John Rankin (not to be confused with the New England abolitionist of the same name) was born in 1793 in east Tennessee to devout anti-slavery parents. He was greatly influenced by the Second Great Awakening, which was sweeping through Tennessee during his youth, and was ordained a Presbyterian minister in 1816. He joined Charles Osborn's Tennessee Manumission Society around that time. But even though he lived and preached in a region where many people frowned on slavery, his anti-slavery zeal caused suspicion in his church presbytery, who recorded in his file their "suspicion and distrust because of his frequent expression of opposition to slavery."

During this time his wife, Jean, gave birth to their first son, and the Rankins decided they didn't want their children growing up under the influence of slavery. And so they headed north, intent on reaching the free state of Ohio. But along their journey they stopped in an anti-slavery Kentucky town that just happened to be looking for a preacher. Rankin agreed to fill in temporarily and ended up staying for a four year stint.

During his sojourn in Kentucky Rankin didn't confine himself to his anti-slavery congregation. He wrote later that "I preached against slavery in some of the most prominent parts of the State, and was known as an abolitionist as far as I was known, and I spoke against slavery in families of wealthy slveholders, and I never had an insult offered." He also wrote anti-slavery articles, helped found anti-slavery societies, established a school for slaves, and cofounded the Abolitiion Intelligencer and Missionary Magazine.

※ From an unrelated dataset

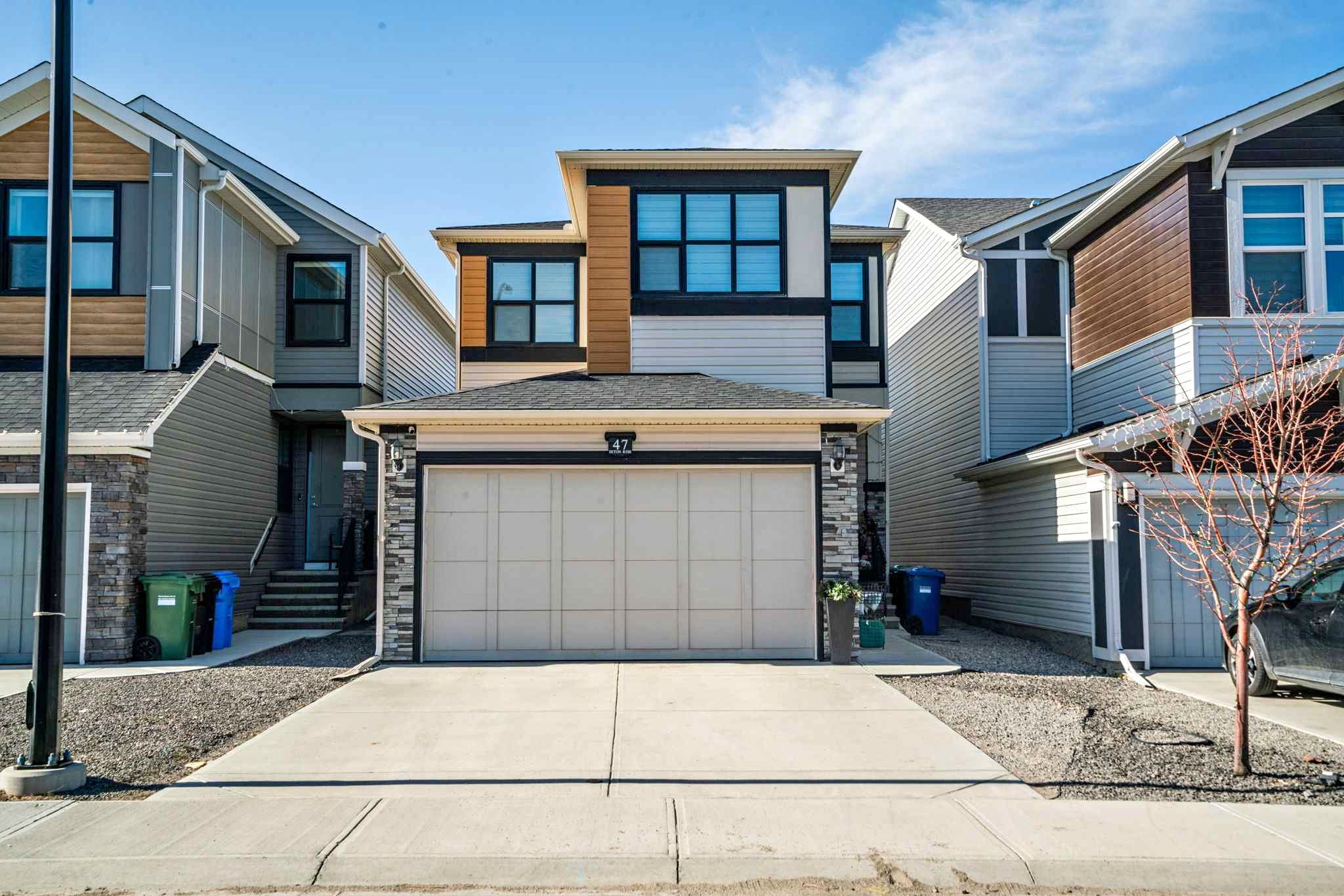 2 Beds 1 Bath - House - Property Rentals - Calgary, Alberta | Facebook ...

But with the coming of the Missouri Compromise controversy in 1820, Kentuckians began to take a harder stance against abolitionism. Many of the anti-slavery families in Rankin's congregation decided it was time to leave and headed to Indiana. The Rankins, now parents of four children, also decided to revert to their original plan of raising their children in the free state of Ohio.

And so they packed up and moved again, this time to the little town of Ripley, Ohio, on the north bank of the Ohio River, about 50 miles southeast of Cincinnati. (I'll have more about Ripley later in this thread). Here the Rankins found many dislocated Southerners and a few Northerners who shared their anti-slavery convictions in the midst of a pro-slavery general population.

Rankin became the pastor of a Presbyterian church in Ripley on his arrival in January, 1822. He openly advanced his anti-slavery views, but also quickly became part of a clandestine part of Ripley's existence. Ripley's location right across the Ohio River from Kentucky, and its cadre of anti-slavery residents, made it one of the most active stations on the Underground Railroad. (In fact one story has it that the term "Underground Railroad" was coined in Ripley in the 1830s). The Rankins became very active Underground Railroad conductors. It's estimated that John, Jean, and their sons helped as many as 2,000 freedom seekers escape from bondage during their tenure in Ripley. Most of these escapes were funneled through their second home in Ripley, a little house sitting atop a 500 foot bluff overlooking the town and the Ohio River. (More about this house in a later post).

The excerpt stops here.